Brief descriptive captions
==================================================

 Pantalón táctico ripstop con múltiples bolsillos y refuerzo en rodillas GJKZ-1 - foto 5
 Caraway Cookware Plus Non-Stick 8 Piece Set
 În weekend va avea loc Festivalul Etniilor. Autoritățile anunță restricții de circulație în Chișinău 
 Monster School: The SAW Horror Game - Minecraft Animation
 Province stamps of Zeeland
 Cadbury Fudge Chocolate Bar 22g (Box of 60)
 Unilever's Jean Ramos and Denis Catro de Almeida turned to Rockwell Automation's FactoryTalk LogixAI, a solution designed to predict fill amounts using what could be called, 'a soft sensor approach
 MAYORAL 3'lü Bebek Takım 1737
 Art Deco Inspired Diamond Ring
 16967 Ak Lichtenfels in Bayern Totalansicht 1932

==================================================

Required work:
Transcribe every entry exactly as it reads.

Exercise output:
 Pantalón táctico ripstop con múltiples bolsillos y refuerzo en rodillas GJKZ-1 - foto 5
 Caraway Cookware Plus Non-Stick 8 Piece Set
 În weekend va avea loc Festivalul Etniilor. Autoritățile anunță restricții de circulație în Chișinău 
 Monster School: The SAW Horror Game - Minecraft Animation
 Province stamps of Zeeland
 Cadbury Fudge Chocolate Bar 22g (Box of 60)
 Unilever's Jean Ramos and Denis Catro de Almeida turned to Rockwell Automation's FactoryTalk LogixAI, a solution designed to predict fill amounts using what could be called, 'a soft sensor approach
 MAYORAL 3'lü Bebek Takım 1737
 Art Deco Inspired Diamond Ring
 16967 Ak Lichtenfels in Bayern Totalansicht 1932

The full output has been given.